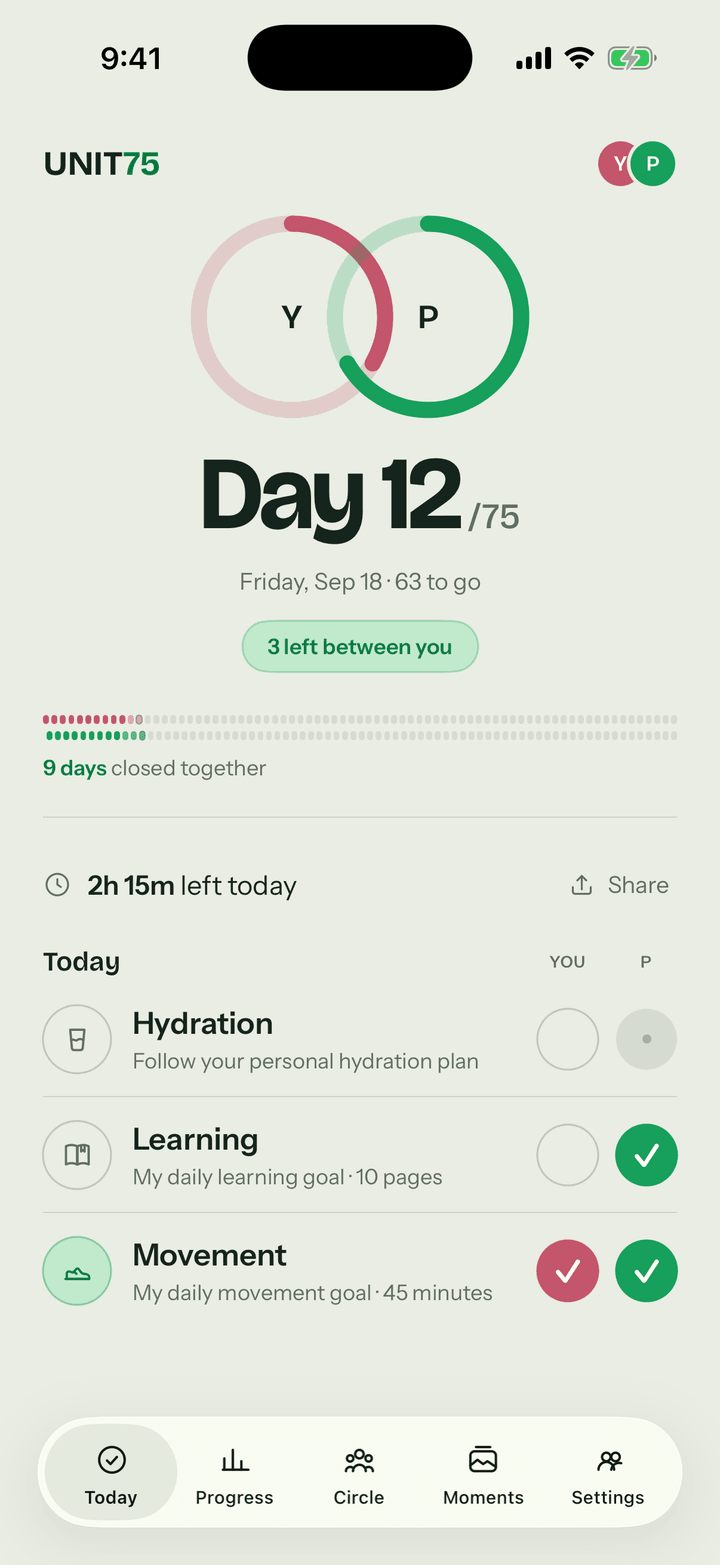 The UNIT75 Today screen on day 12 of 75, showing two interlocking progress rings, a 75-day map, three daily commitments including a personal hydration plan, and the five-tab navigation with Today selected.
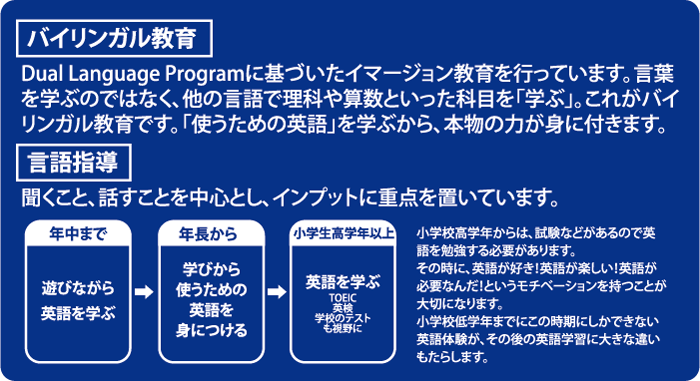 バイリンガル教育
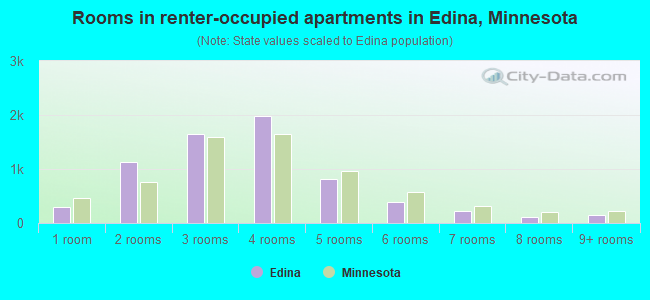 Rooms in renter-occupied apartments in Edina, Minnesota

################

What the task asks ▸
Exact copy, no pictures: reproduce the whole listing above.

Solved problem ▸
 The UNIT75 Today screen on day 12 of 75, showing two interlocking progress rings, a 75-day map, three daily commitments including a personal hydration plan, and the five-tab navigation with Today selected.
 バイリンガル教育
 Rooms in renter-occupied apartments in Edina, Minnesota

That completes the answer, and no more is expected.